Ask HN: Choices for Start Blogging - rlmw

I'm going to start doing some startup blogging and there seems to be basically three main choices for blogging:<p>1. Hosted solution - I'm thinking posterous here.
2. Installed open source solution - eg Wordpress.
3. Static page generation.<p>I'm somewhat interested in what the effect on SEO and traffic will be for the differing options.  For example, will it be easier to drive traffic to something like posterous?  Do many people use their email system to signup to blogs, can you get traffic cross-pollination from being listed on there?<p>How good are search engines at indexing content on Wordpress and dynamic blogging sites such as posterous?  Is there any disadvantage over dumping out static pages from a script?<p>Thanks for any advice on the matter.
======
autalpha
What kind of programming languages/stack are you more familiar with? Usually,
Wordpress should really fit all your blogging needs. It's easy and has a lot
of SEO tools to go with it.

But as I am not at all comfortable with Wordpress' issues that surfaced a
while back: upgrade, security etc., so I plan to use one of the Django blog
platform.

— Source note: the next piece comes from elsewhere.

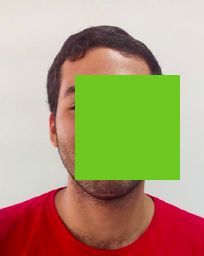 Picture of andre's face with a rectangle kind of green in front. This green is the random color from the text.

But that means I'm not blogging at all, but worrying more about how
to have the blog installed.

There seems to always be a trade off. But one thing is for sure, you should
choose to install Wordpress or any chosen bloggin platform on your domain
rather than having it redirect to another domain... like blogger,
wordpress.com etc.

Good luck and good writing.

------
tnorthcutt
WordPress is likely to be the best option for a blog. There are cases where it
won't be, but more often that not it is. It's great because it's easy to setup
and get going very quickly. However, you still have the option to customize as
much as you want, when you want. It can also grow as your needs change - you
won't be stuck with "just a blog" if you need the site to do more later on.
It's great from an SEO perspective, and there are a vast number of plugins
available, many of them excellent quality.

------
kellyreid
as someone who's brought a niche blog into the mainstream (in my niche at
least), just use something like WordPress. If you're already worrying about
SEO, you're losing. your focus should be nothing beyond generating great
content and getting readers.

i stared on Blogger, then moved to WP hosted on a dedicated host, and its
never been a regret. focus on the content. if you're talking about writing
scripts, you should probably be coding instead of blogging. good CMS systems
exist already so don't reinvent the wheel.

------
seangeo
Enki (<http://www.enkiblog.com/>) is a pretty good free, customizable and
lightweight blog if you're into Ruby on Rails.

------
logicalmoron
Wordpress has been great for us despite a few hiccups — but those are mostly
on our end, not really because of the software.

------
guynamedloren
4\. Code your own solution, making it lightweight and suited to your needs.